私は、伊達にソン・テヒョンの嫁として生きていない。
韓国MAフェスティバルと云えば、k-pop市場・韓国市場最大と言われる毎年春に行われる音楽祭りだ。
司会は有名なアナウンサーの女性と、韓国芸能界のドンとも言える年老いた司会者二人で行われる。時刻は夕方の七時からゼロ時まで。つまり五時間、ぶっ通し。
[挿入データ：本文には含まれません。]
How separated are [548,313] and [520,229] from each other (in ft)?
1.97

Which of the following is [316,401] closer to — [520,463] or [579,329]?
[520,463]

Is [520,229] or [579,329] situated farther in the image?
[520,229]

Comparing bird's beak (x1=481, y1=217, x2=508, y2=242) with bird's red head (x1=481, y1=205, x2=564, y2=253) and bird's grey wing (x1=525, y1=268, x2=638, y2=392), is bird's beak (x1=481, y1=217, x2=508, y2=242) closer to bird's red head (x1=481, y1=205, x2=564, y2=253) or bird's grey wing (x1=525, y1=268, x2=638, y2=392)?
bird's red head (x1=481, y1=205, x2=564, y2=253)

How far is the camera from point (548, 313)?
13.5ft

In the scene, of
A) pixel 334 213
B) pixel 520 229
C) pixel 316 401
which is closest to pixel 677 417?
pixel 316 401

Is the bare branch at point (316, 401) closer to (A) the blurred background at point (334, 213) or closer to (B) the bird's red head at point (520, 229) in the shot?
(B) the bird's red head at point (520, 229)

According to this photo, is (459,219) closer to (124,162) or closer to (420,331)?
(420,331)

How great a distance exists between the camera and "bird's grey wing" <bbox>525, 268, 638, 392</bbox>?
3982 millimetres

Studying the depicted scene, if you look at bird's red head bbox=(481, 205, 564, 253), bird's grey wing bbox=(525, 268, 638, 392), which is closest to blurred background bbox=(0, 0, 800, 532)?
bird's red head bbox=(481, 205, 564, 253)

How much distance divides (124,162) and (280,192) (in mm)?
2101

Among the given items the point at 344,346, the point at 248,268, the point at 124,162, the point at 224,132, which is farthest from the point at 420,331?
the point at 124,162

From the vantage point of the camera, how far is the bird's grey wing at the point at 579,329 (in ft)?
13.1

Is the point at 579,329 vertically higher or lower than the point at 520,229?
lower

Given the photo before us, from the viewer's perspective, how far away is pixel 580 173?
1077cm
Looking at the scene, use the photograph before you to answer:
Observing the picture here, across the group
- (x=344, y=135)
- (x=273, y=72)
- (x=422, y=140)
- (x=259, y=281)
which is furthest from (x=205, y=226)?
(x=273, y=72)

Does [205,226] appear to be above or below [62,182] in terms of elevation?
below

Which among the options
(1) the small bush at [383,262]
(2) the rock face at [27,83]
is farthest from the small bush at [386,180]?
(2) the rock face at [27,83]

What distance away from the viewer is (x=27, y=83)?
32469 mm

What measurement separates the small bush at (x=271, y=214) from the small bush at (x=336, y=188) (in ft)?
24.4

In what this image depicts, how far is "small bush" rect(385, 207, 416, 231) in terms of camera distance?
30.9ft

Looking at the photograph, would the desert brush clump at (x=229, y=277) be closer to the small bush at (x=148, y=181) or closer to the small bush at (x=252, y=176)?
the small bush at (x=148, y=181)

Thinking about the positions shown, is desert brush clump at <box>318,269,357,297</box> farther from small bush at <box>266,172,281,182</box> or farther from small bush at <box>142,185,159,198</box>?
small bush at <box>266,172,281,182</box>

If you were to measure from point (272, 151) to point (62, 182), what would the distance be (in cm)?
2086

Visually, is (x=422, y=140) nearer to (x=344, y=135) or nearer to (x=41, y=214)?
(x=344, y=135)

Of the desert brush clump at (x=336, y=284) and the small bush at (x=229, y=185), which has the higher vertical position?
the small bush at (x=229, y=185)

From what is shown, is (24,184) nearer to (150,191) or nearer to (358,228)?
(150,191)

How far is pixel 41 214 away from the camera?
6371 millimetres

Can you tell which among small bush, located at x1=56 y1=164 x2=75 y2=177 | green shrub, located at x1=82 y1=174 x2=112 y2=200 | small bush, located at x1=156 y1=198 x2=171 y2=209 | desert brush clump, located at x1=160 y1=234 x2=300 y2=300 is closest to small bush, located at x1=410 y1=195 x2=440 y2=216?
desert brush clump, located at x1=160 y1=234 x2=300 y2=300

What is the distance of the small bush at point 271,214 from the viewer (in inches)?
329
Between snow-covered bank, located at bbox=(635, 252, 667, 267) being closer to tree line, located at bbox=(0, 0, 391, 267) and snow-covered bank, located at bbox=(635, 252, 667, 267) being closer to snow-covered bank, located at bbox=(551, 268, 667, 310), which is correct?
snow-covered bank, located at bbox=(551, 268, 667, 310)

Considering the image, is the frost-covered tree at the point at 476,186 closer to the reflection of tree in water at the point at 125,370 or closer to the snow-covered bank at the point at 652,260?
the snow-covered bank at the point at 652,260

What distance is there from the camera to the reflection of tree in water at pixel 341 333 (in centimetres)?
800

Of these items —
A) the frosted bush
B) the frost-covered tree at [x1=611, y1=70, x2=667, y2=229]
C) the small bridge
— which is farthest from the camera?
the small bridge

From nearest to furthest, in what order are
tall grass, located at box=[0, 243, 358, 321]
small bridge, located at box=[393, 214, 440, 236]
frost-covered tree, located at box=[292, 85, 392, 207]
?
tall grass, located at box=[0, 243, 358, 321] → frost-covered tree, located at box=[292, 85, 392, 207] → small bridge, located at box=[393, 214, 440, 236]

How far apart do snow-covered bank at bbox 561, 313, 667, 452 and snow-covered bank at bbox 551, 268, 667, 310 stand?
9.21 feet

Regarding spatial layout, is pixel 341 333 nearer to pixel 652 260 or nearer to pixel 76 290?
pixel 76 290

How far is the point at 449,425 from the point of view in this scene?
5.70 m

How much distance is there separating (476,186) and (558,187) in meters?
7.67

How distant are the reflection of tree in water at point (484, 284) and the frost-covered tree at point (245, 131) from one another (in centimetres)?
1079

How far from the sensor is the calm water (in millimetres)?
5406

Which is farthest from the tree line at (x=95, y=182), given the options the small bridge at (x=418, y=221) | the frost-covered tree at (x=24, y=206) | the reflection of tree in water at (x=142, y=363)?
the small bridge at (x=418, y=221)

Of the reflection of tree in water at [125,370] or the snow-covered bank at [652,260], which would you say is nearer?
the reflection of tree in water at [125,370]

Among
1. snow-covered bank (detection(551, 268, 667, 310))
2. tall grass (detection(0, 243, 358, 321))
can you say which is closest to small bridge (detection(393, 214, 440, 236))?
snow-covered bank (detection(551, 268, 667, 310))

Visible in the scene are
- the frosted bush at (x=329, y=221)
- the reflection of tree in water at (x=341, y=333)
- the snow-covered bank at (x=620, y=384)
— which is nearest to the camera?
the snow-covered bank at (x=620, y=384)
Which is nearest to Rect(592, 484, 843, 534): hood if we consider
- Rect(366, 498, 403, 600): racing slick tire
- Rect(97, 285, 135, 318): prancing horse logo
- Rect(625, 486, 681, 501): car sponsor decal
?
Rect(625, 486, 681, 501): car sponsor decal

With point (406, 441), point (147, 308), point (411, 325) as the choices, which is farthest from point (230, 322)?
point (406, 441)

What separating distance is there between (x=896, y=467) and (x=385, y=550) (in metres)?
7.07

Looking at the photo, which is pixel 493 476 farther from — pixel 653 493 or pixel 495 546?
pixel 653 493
「ウチのKBLOCKでさえも、ドリームボーイズでさえも、向こうから直々にトリのお願いなんて一切来てないんだよ。というか、トリを飾った事さえない」
「それなのに順番を飛び越えてその願いがSfireじゃなくFBKに来たんだ。」
「──リサさん、彼達をここまで熱く芸能界に向き合わせたのは他の誰でもない君自身なんだ」
「……もう一度、やり直す様に──MAフェスでトリを飾る様に、こんなチャンスを逃がさない様に──そう言ってやってくれないか」
普段は聞く事のない弱気な会長の声。
言われなくてもその通りだ、という気持ちを込めながら『はい』と一言だけ呟いた。
街並みは、初めて見る景色に変わってる。
直観で、もうすぐで『新家』の総本家に着くと分かった。
勝負は──ここからだ。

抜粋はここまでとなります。